At the beginning of the Nineties, they channelled massive spends through TV in brand-building campaigns, such as Sainsbury’s “Recipes” ads and Tesco’s Dudley Moore ads. But as the chains sharpen their tactics in the battle for market share, new data suggests their ad spends are being ever more closely targeted.
Advertisements for loyalty cards have soaked up a heavy proportion of recent spending – as can be witnessed by Safeway’s blanket coverage of the national launch of its ABC loyalty card.
Supermarkets save most of their advertising for the pre-Christmas push – it usually accounts for the highest proportion of the yearly budget. The fourth quarter is already half over and Register-MEAL believes this year’s spend will not be as great as last year’s.
In the second quarter of this year, grocery supermarkets spent 50m on advertising, an increase on the previous year of 73 per cent.
This may be an important turning point in the continuing marketing battle between the major UK retailers. Although 41m was spent in the third quarter – an increase of 32 per cent on last year – there are clear indications that a change in focus for supermarket chains’ advertising is taking place.
In chart one, the overall growth for grocery supermarket advertising from 1993 to 1995 is shown on a quarterly basis. This also illustrates the seasonal pattern, with massive advertising in the fourth quarter, pre-Christmas periods.
However, the most interesting peak in spending comes in the second quarter, showing up in the chart as the most significant increase across the 11 quarters’ trend data.
In the second quarter, all seven of the top grocery supermarkets – Tesco, Sainsbury’s, Safeway, Asda, Somerfield, Kwiksave and Iceland – increased their advertising spend on last year.

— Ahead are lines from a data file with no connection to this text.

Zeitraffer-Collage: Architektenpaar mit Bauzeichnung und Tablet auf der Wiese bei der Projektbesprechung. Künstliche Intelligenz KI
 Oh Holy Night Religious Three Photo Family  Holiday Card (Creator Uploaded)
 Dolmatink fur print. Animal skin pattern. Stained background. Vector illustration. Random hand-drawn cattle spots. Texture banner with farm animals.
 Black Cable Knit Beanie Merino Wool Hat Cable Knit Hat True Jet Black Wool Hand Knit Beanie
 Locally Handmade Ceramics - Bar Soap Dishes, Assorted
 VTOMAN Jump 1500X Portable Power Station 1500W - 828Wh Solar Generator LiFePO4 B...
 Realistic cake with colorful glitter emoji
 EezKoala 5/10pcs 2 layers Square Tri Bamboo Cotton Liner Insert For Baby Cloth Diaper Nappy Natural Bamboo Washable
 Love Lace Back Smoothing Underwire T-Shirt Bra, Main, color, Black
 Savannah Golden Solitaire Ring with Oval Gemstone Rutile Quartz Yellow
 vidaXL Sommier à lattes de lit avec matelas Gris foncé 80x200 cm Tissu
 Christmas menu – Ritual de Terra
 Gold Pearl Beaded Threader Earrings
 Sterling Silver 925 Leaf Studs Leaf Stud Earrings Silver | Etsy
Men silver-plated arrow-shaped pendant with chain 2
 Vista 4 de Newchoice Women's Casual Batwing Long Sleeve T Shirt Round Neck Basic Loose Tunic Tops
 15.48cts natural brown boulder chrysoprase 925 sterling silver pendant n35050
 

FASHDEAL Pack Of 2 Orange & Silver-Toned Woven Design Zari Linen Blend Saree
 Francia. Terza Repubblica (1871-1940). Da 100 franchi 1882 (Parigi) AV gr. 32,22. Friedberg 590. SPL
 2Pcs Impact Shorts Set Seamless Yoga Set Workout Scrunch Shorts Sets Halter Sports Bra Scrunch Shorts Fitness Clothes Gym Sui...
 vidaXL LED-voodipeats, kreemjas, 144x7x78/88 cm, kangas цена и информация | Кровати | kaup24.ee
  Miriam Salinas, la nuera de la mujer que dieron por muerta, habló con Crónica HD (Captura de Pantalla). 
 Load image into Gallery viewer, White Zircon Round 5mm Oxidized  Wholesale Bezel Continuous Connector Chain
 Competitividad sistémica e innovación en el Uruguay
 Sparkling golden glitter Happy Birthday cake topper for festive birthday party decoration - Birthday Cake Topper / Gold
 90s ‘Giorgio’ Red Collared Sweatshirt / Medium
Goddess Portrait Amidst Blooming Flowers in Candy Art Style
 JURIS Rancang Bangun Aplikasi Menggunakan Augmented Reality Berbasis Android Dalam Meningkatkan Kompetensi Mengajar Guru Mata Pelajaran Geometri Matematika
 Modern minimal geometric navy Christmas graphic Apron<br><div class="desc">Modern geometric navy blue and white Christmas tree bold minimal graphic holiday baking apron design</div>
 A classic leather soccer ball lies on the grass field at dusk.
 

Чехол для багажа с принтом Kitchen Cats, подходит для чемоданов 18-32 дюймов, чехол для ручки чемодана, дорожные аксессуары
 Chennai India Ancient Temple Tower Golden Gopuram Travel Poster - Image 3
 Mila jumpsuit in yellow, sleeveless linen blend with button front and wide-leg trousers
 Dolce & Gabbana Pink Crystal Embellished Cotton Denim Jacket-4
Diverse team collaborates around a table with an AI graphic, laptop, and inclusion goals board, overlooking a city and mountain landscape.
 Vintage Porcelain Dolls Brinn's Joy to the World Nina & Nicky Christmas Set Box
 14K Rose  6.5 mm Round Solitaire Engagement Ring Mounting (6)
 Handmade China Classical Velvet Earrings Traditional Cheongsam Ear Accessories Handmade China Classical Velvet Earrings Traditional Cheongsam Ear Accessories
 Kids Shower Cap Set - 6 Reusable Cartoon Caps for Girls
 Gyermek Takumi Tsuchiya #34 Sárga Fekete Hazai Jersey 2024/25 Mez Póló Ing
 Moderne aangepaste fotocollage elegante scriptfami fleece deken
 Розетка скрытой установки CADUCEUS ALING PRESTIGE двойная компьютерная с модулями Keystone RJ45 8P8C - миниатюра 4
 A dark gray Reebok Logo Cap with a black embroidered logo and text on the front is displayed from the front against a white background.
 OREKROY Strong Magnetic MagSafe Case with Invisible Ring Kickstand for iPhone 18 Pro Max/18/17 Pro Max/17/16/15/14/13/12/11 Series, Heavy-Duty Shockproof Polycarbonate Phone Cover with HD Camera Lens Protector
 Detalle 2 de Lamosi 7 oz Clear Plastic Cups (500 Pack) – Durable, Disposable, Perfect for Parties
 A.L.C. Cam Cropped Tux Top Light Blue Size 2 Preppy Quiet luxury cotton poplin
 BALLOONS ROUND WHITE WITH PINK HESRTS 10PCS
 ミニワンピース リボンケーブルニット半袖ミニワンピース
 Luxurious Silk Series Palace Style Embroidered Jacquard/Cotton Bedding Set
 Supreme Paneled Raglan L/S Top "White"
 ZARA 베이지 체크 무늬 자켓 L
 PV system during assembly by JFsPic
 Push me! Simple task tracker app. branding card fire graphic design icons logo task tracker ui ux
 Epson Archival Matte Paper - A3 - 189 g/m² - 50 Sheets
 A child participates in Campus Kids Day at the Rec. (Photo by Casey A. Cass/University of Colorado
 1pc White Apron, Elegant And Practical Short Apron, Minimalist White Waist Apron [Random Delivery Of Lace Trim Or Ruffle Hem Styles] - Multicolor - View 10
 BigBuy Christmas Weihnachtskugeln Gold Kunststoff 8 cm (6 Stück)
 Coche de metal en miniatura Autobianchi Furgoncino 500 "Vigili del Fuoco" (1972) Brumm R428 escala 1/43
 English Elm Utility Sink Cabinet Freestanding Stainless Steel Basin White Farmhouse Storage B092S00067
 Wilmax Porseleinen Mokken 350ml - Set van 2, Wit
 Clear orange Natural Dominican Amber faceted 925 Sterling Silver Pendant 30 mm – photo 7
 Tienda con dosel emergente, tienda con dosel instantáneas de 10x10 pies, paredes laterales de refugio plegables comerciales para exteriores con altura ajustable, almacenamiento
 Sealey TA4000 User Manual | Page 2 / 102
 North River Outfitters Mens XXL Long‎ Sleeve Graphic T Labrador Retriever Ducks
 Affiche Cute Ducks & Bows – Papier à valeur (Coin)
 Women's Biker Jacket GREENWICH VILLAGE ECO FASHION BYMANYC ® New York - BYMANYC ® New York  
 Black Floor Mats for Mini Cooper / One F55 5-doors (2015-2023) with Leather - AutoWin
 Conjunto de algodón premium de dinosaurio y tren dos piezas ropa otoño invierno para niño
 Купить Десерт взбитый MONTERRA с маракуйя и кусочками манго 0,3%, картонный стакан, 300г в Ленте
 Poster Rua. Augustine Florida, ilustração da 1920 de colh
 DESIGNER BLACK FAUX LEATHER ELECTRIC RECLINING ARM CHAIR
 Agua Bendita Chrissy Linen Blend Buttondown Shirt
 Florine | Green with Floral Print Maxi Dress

In contrast, when we look in detail at the third quarter this year, we see in the second chart that three of the top seven store groups significantly reduced their spend compared with last year. The increases, particularly by Sainsbury’s and Safeway, were sufficient to lift the overall spend, but Asda, Kwiksave and particularly Tesco cut back on their advertising.
Tesco has been a successful marketing trendsetter in the past two years and its chairman, Sir Ian MacLaurin, has announced the main focus for the forthcoming activity is going to be in support of the Clubcard loyalty scheme.
In the first quarter of this year, Tesco spent more than 3m, out of its overall 7.2m of advertising, in support of Clubcard, according to Register-MEAL. This fell away to only 12,000 in the second quarter and 9,000 in the third quarter.
But this strategy is likely to change. There are indications that Tesco will use the Clubcard data on its customers to target them more carefully. This could mean more tactical advertising, using poster sites near stores, local radio and newspaper and magazine ads rather than blanket TV coverage.
This is not totally unexpected, given that much of Safeway’s recent huge advertising investment, with 3.6m in September alone, has featured their ABC loyalty card.
Another indication of change has come from Sainsbury’s, which spent 4.5m in September. Chairman and chief executive David Sainsbury has not only replaced his group marketing director, Ivor Hunt, (MW November 3) but has announced that the company intends to “regain price leadership” and do more in terms of service.
Tesco spent 15.6m on advertising in the fourth quarter of 1994 and Sainsbury’s 10.7m. These levels are unlikely to be matched in 1995. The focus is changing with selective support for loyalty promotions, cut-price petrol, discounted books and distinctive customer service initiatives dominating major grocery chains’ activities.
The prospect of a petrol price war between the supermarkets and the petrol majors could mean the grocers channel spend once used for strategic TV campaigns into promoting the new lower-priced petrol.
These tactics are aimed at winning the battle for shoppers’ hearts and minds, and the issue of loyalty may well be the next one to vex agencies and their advertising.